Sejarah Balai Pemuda Surabaya: Jejak Gaul Kaum Elit Kolonial (1)

Dahulu, Balai Pemuda Surabaya diberi julukan "Simpang Club". Tempat gaul kaul elit kolonial tempo dulu.

oleh Liputan Enam diperbarui 05 Sep 2019, 06:00 WIB
Diterbitkan 05 Sep 2019, 06:00 WIB
(Foto: Instagram @Surabaya)
Pohon Tabebuya di Surabaya, Jawa Timur (Foto:Instagram @Surabaya)

Liputan6.com, Jakarta - Masyarakat Surabaya mengenal gedung di Jalan Gubernur Suryo Nomor 15 ini dengan sebutan Balai Pemuda. Balai ini kini digunakan untuk berbagai aktivitas seperti menjadi ruang kreativitas budaya bagi warga.

Saat masa penjajahan Belanda, Balai Pemuda sempat disebut juga dengan “Simpang Club” atau Simpangsche Societeit. Gedung ini dibangun pada 1907 saat masa kolonial Hindia-Belanda.

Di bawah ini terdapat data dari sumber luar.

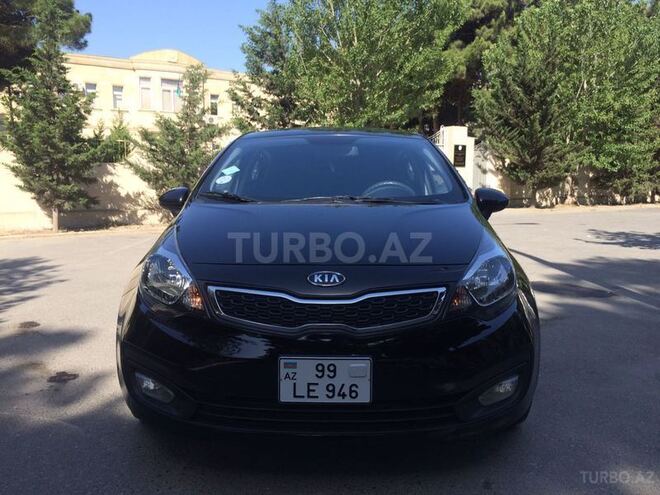 Kia Rio 2012, 85,000 km - 1.4 l - Bakı
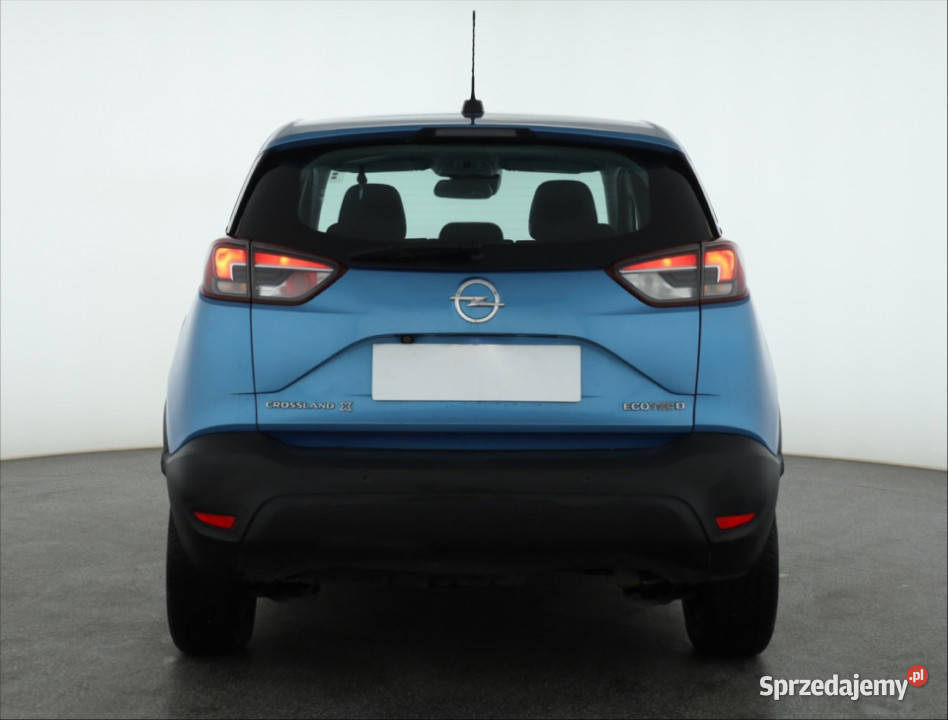 Opel Crossland 15 CDTI 75KM Piaseczno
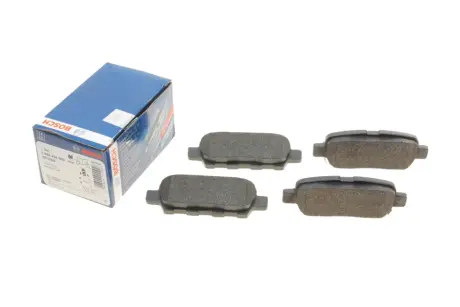 Задние тормозные колодки bosch 0986494090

Kala itu, Simpang Club menjadi tempat orang-orang Belanda atau Eropa lainnya untuk bersenang-senang.

Mengutip buku "Surabaya: Di mana Kau Sembunyikan Nyali Kepahlawananmu?” karya Ady Setyawan, Frank Clune mencatat, Simpang Club dikenal sebagai tempat eksekutif dan mewah bagi warga Belanda dan tamu Eropa lainnya. Mereka yang gemar bermain tenis, billiard, dansa atau bermain kartu akan berkumpul di Simpang Club.

Di halamannya terdapat dua papan hitam dengan tulisan cat putih bertuliskan kalimat yang senada. “Verboden voor Inlander en hond!”. Bila diartikan dalam bahasa mengatakan “Dilarang masuk bagi pribumi dan anjing”. Tulisan dalam papan ini dinilai sangat merendahkan, diskriminatif dan sangat rasialis. Walau demikian, tulisan pada papan plakat ini, juga mendapat tentangan dan protes dari beberapa orang Belanda.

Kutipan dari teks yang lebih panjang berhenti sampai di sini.